V3: The parameters of Peak Type are; First Pass, Second Pass and estimated, these parameters are used to reference when, during the analysis process the Mass Spectrometer machine recorded such peaks. Some ions are more stable and travels through the Mass Spectrometer machine without further fragmentation, the peak of such ions are registered as first pass while the peak of ions that are results of further fragmentation are recorded as second pass peaks. Estimated peaks are average peaks assigned by the researcher. If anion’s peak is not registered in an analysis result but such ion has a peak in the pool of results, the average of available peaks is evaluated, assigned and remarked as estimated for the missing peak. The implication of this is discussed in future works.
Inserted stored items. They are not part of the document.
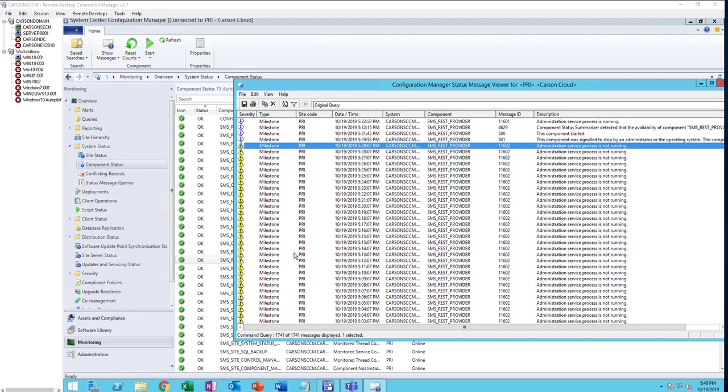Hello everyone, this is Cousin Cloud. In this video, I'm going to show you a way to fix the administration service process is not running error. I had some issues when I enabled third-party patching.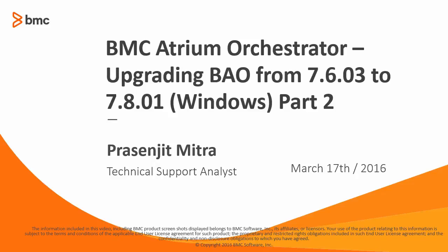Welcome to the second video of the series on upgrading BAO from 7.6.03 to BAO 7.8.01. In the last video, we successfully installed a fresh instance of single sign-on. In this video, we'll start with the actual BAO upgrade process and we'll upgrade our BAO repository and CDP. Let's start.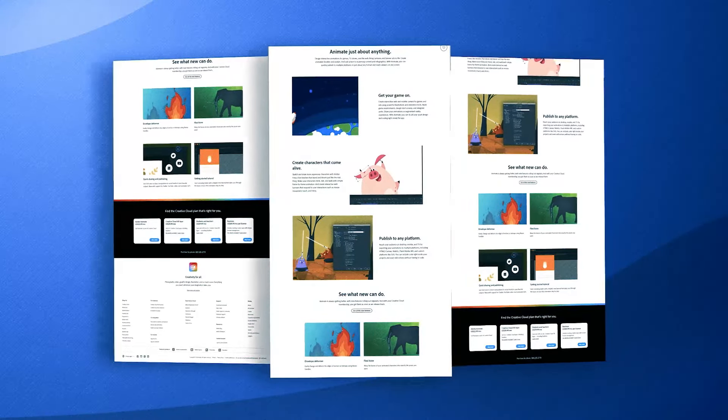This versatility ensures that animations can be used across various platforms and devices without compatibility issues.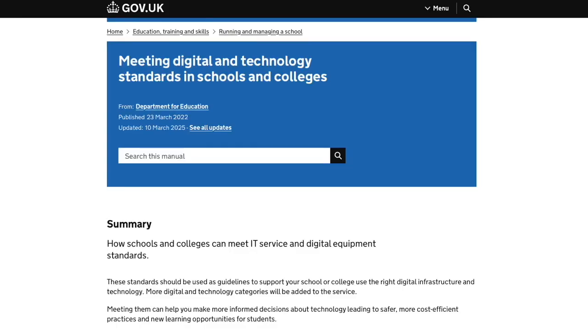Education settings need to ensure that the infrastructure is in place to support the use of AI systems and other digital tools. To do this, you can review your position against the Department for Education's Digital and Technology Standards in schools and colleges. These include standards on cyber security, filtering and monitoring, and digital leadership and governance.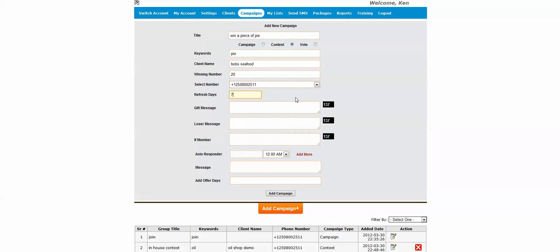Now I'll just jump down here to if member and we're going to put sorry. We're going to do something like this: sorry, only one entry per seven days.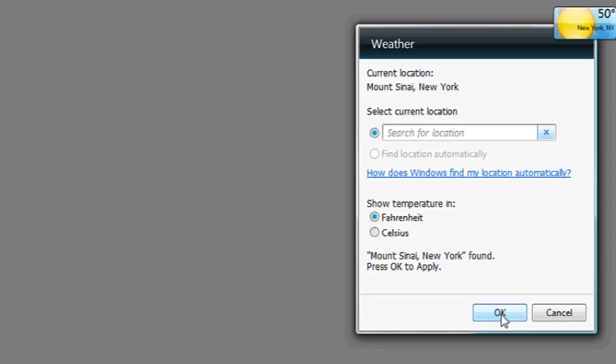Click OK, and then click OK again if it finds it. Here you can see the weather for my hometown, Mt. Sinai. And that's it.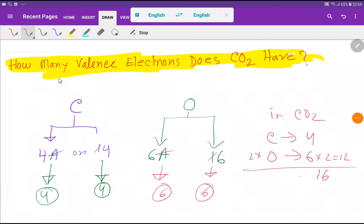Ladies and gentlemen, welcome to Chem Institute. Today we are going to find out the answer to the question: how many valence electrons does carbon dioxide have? The valence electrons of carbon dioxide will be the sum of the valence electrons of carbon and oxygen.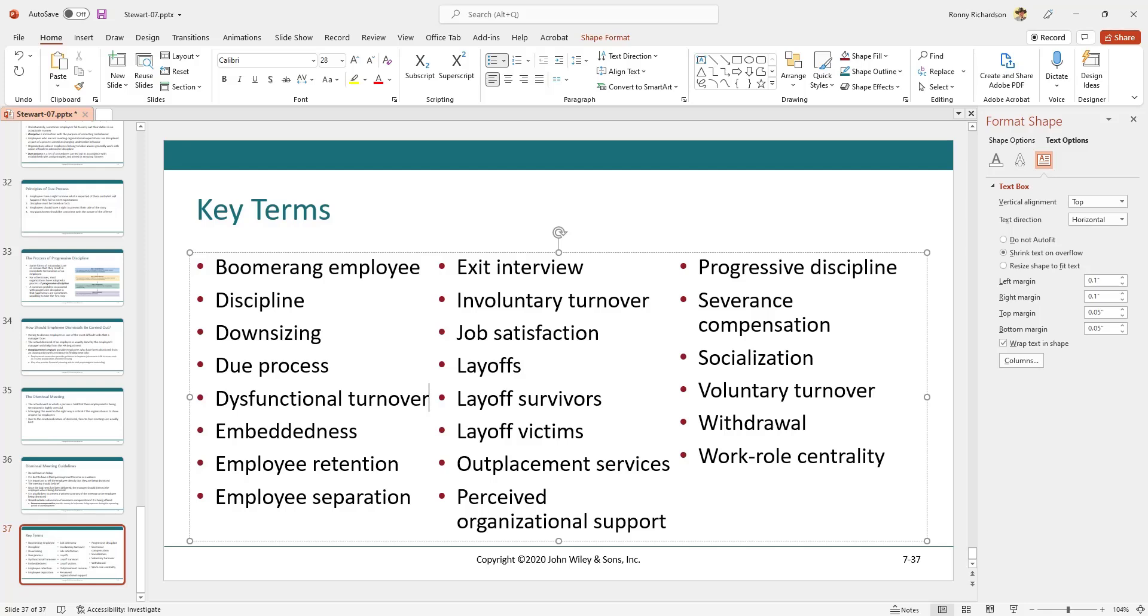There are also two minor drawbacks. One, if you must reset the slide, the number of columns is reset to one and you must redo the columns.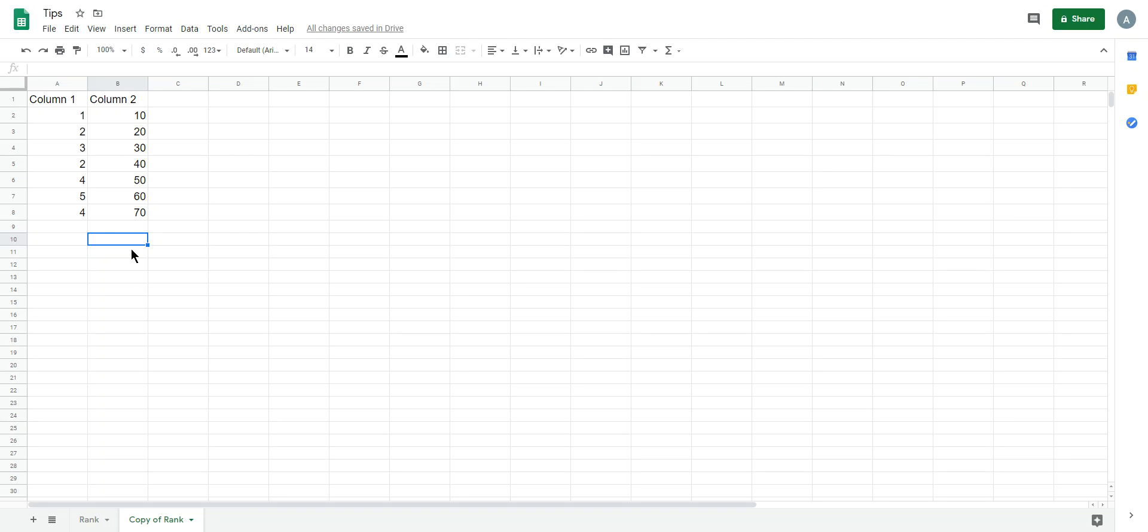Hi everybody, this is Andrew. Today we're talking about how to rank by multiple columns.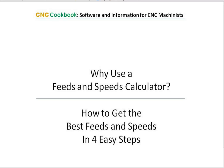I want to go through today why you would use a Feeds and Speeds calculator and, given that information, what are the four easy steps you need to follow to get the best feeds and speeds from our G-Wizard calculator. So let's jump in.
V4: $V4: m_{i}=S_{i}+C_{i};$ for any ioni , the sum of its substance Mass and Charge equals its molecular mass value.

V5: Signal-to-Noise values are higher for First Pass peaks and relatively equal and smaller for Estimated and Second Pass peaks (same thought as in V3).
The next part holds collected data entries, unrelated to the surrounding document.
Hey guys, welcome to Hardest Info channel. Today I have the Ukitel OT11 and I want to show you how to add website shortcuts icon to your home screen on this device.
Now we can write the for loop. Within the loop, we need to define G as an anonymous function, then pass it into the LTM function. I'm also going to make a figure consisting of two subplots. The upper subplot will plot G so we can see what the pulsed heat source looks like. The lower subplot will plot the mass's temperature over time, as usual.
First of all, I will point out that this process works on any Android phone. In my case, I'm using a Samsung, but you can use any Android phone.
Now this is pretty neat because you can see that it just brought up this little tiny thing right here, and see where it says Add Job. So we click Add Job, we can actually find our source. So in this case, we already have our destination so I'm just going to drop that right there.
Sequel to these observations, the matrix $\left ( R_{k }^{S} \right )$ was reduced to a 2-by-179 matrix $\left ( p_{k }^{S} \right )$ shown below, having only the m/z $\left ( m_{n }^{k} \right )$ and TOF Intensity $\left ( I_{n }^{k} \right )$ features.

$p _{1}^{C}=\begin{bmatrix} m_{1}^{1} &I_{1}^{1} \\ m_{2}^{1} &I_{2}^{1} \\ \vdots &\vdots \\ m_{n}^{1}& I_{n}^{1} \end{bmatrix}p_{5}^{M}\begin{bmatrix} m_{1}^{5}& I_{1}^{5}\\ m_{2}^{5}&I_{2}^{5} \\ \vdots &\vdots \\ m_{n}^{5}& I_{n}^{5} \end{bmatrix}$ (3)

Above is the snapshots of two $\left ( p_{k}^{S} \right )$ matrices, the matrix on the left is the first as contained in the CON dataset while the matrix on the right is the fifth in the MCI stage dataset, k=1,…,20, is the numbering for the 20 data points in each stage (S) and n in $\left ( m_{n}^{k} \right )or \left (I_{n}^{k} \right )$ is row-wise numbering of the ions in each matrix (p). Going forward, we shallsimply refer to m/z as mass, TOFIntensity as intensity, and an ion as a peak defined by the pair (mass; intensity).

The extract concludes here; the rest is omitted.